每种强制模式都可以指定特定版本。该版本将策略固定到 Kubernetes 发布中附带的版本。固定到特定 Kubernetes 版本可以确保策略行为的确定性，同时为未来 Pod 安全标准的更新保留灵活性。可能的 <MODE(S)> 包括 enforce、audit 和 warn。

何时使用 `warn`？

warn 的典型用途是为未来想要强制执行不同策略的变化做好准备。最常见的两种情况是：

在相同级别但不同版本上使用 warn (例如将 enforce 固定到 restricted+v1.23，将 warn 固定到 restricted+latest)
在更严格的级别上使用 warn (例如 enforce 使用 baseline，warn 使用 restricted)

不建议对与 enforce 完全相同级别+版本的策略使用 warn。在准入序列中，如果 enforce 失败，整个序列会在评估 warn 之前失败。

首先，如果之前没有创建，创建一个名为 verify-pod-security 的命名空间。对于本演示，在打标签时使用 --overwrite 以允许将单个命名空间用于多个示例。

kubectl create namespace verify-pod-security

部署演示工作负载

每个工作负载代表一个更高的安全级别，该级别将无法通过其后的配置文件。

对于以下示例，使用 busybox 容器运行一个 sleep 命令，持续 100 万秒（约等于 11 天）或直到被删除。Pod Security 不关心您选择了哪个容器镜像，而关心 Pod 级别的设置及其对安全的影响。

Privileged 级别和工作负载

对于特权 Pod，使用特权策略。这允许容器内的进程获取新进程（也称为“权限提升”），如果不受信任，可能会很危险。

首先，让我们应用一个 restricted Pod Security 级别进行测试。

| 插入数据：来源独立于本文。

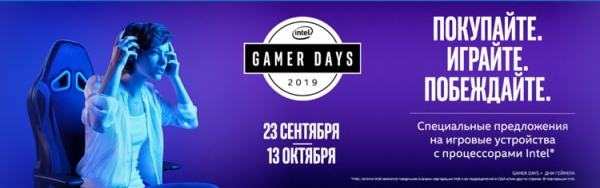 Intel и Mail.ru Group договорились совместно содействовать развитию игровой индустрии и киберспорта в России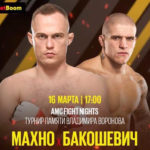 AMC Fight Nights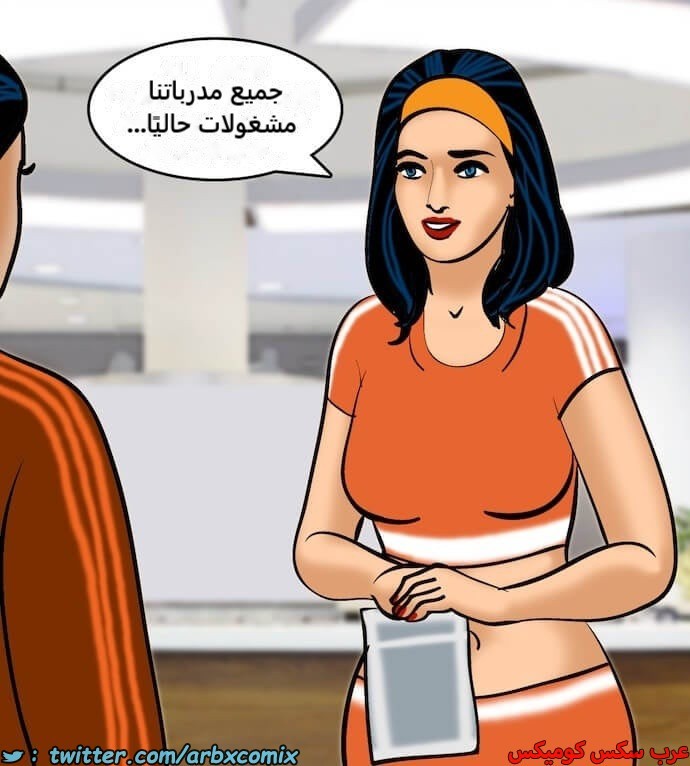 2392 فيلاما الجزء 75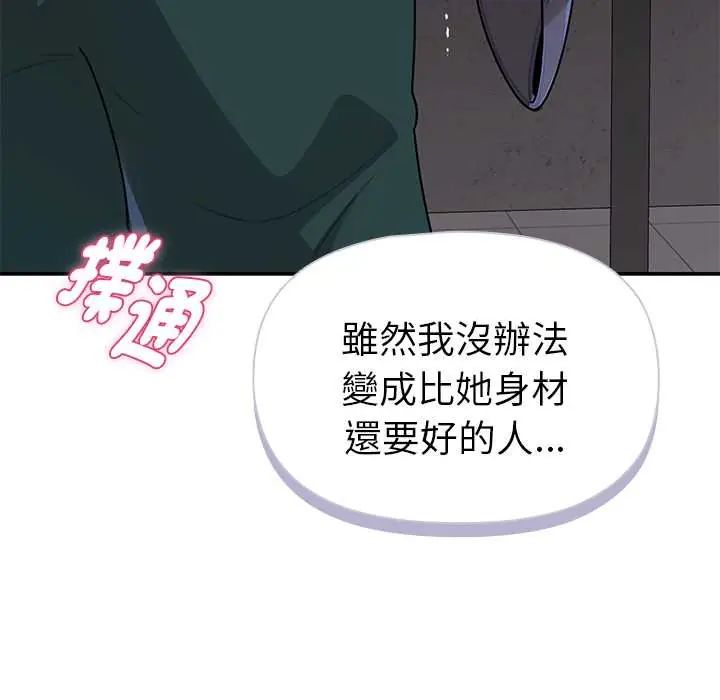 野獸的王國，第23話，第 103 页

# enforces a "restricted" security policy and audits on restricted
kubectl label --overwrite ns verify-pod-security \
  pod-security.kubernetes.io/enforce=restricted \
  pod-security.kubernetes.io/audit=restricted

接下来，尝试在命名空间中部署一个特权工作负载。

cat <<EOF | kubectl -n verify-pod-security apply -f -
apiVersion: v1
kind: Pod
metadata:
  name: busybox-privileged
spec:
  containers:
  - name: busybox
    image: busybox
    args:
    - sleep
    - "1000000"
    securityContext:
      allowPrivilegeEscalation: true
EOF

输出类似如下所示

Error from server (Forbidden): error when creating "STDIN": pods "busybox-privileged" is forbidden: violates PodSecurity "restricted:latest": allowPrivilegeEscalation != false (container "busybox" must set securityContext.allowPrivilegeEscalation=false), unrestricted capabilities (container "busybox" must set securityContext.capabilities.drop=["ALL"]), runAsNonRoot != true (pod or container "busybox" must set securityContext.runAsNonRoot=true), seccompProfile (pod or container "busybox" must set securityContext.seccompProfile.type to "RuntimeDefault" or "Localhost")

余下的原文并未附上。